The FSS 402 further includes voltage variable capacitive elements 414 coupling patches of the one group 412 of conductive patches with patches of the second group 416. In the illustrated embodiment of FIG. 4, the voltage variable capacitive elements 414 are embodied as varactor diodes, however microelectrical-mechanical systems (MEMS) based variable capacitors can also be used in this application. (Refer to A. Dec and K. Suyma, "Micromachined Electro-Mechanically Tunable Capacitors and Their Applications to RF ICs," IEEE Trans. Microwave Theory and Techniques, Vol 46, No. 12, December 1998, p. 2587.)

One suitable varactor diode is the MA46H202 GaAs tuning diode available from M/A Corn of Lowell, Mass. A varactor or varactor diode is a semiconductor device whose capacitive reactance can be varied in a controlled manner by application of a reverse bias voltage. Such devices are well known, and may be chosen to have particular performance features. The varactor diodes 414 are positioned between alternating patches of the FSS 402. The varactor diodes 414 add a voltage variable capacitance in parallel with the intrinsic capacitance of the FSS 402. The bias voltage for the varactor diodes 414 may be applied using the bias line 418. In the illustrated embodiment, a single bias voltage is shown biasing all patches of the second group 416 of patches. However, in some embodiments, more than one bias voltage may be applied and routed in the RAMC 400 using bias lines such as bias line 418. The magnitude of the bias signals provided on the bias line 418 may be chosen depending on the materials and geometries used in the RAMC 400. Thus, the local capacitance of the FSS 402 may be varied to control the overall resonant frequency of the RAMC 400.

In alternative embodiments, the voltage variable capacitive elements may be formed from or using microelectrical-mechanical switch (MEMS) capacitors, thick film or thin film capacitors, or a bulk tunable dielectric material such as ferroelectric ceramic capacitors. Substitution of these materials and devices is within the purview of those ordinarily skilled in the art of circuit design.

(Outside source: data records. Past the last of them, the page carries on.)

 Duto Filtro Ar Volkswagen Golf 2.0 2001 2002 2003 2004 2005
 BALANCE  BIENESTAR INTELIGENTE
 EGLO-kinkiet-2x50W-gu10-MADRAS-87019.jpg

In preferred embodiments, the FSS 402 includes a periodic array of patches 410. In the illustrated embodiment, the conductive patches 410 are made of a metal or metal alloy. In other embodiments, other conductive materials may be used. Further, in the illustrated embodiment, the conductive patches 410 are arranged in a regular pattern and the patches themselves are substantially square in shape. In alternative embodiments, other patch shapes, such as circular, hexagonal, diamond, or triagonal, and other patch patterns may be used. Also, the grounded patches 412 and the bias node patches 416 are not necessarily the same size and shape. Increasing the size of patches 412, while simultaneously decreasing the size of patches 416 and maintaining the same period, will lower the TM mode cutoff frequency, resulting in a larger surface wave bandgap. Particular geometrical configurations may be chosen to optimize performance factors such as resonance frequency or frequencies, size, weight, and so on. In one embodiment, the FSS 402 is manufactured using a conventional printed circuit board process to print the patches 410 on one or both surfaces of the FSS and to produce plated through holes to form the vias. Other manufacturing technology may be substituted for this process.

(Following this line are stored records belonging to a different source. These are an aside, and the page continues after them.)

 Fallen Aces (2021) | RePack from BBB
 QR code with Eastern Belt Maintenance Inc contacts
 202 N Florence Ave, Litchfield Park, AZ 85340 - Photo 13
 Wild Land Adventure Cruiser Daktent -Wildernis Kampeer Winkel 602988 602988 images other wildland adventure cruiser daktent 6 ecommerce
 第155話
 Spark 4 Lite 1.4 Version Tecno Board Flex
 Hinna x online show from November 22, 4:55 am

In the illustrated embodiment, the first group 412 of conductive patches and the second group 416 of conductive patches are arranged in a checkerboard pattern, with patches of the first group 412 alternating with patches of the second group 416 along both x and y axis. In this embodiment, each conductive patch of the second group 416 in the checkerboard pattern is coupled through respective voltage variable capacitive elements 414 to all surrounding conductive patches of the first group 412. In the embodiment of FIG. 4, the decoupling resistors 420 form a square lattice in association with a checkerboard pattern formed by the patches. In alternative embodiments, the biased and grounded patches of the first and second groups are arranged in any suitable alternating pattern in both transverse directions, x and y. The alternating patterns may not match in both the x and they directions and the patterns may not be uniform across the entire AMC.

FIGS. 4 and 5 illustrate conceptually an embodiment of an RAMC realized by integrating varactor diodes into a single layer FSS. This varactor-tuned FSS concept is unique in that bias voltage is not applied or routed through vias from the backplane. Rather, bias voltage is applied to each diode from a coplanar array of RF decoupling resistors which form a square lattice. Resistors lie on the diagonal lines of the array formed by the conductive patches. The resistors connect bias nodes, which are patches unconnected to the vias below them. Every other node in a row or column is a bias voltage node. Ground nodes are patches which are connected to the vias, which in turn are connected to the grounded RF backplane or ground plane.

The result is a checkerboard of ground nodes and bias voltage nodes. Unlike previous designs, no decoupling capacitors are required between bias lines and ground. All surface mounted components are mounted on the same side of the FSS. This saves significant manufacturing costs, which is an important design goal.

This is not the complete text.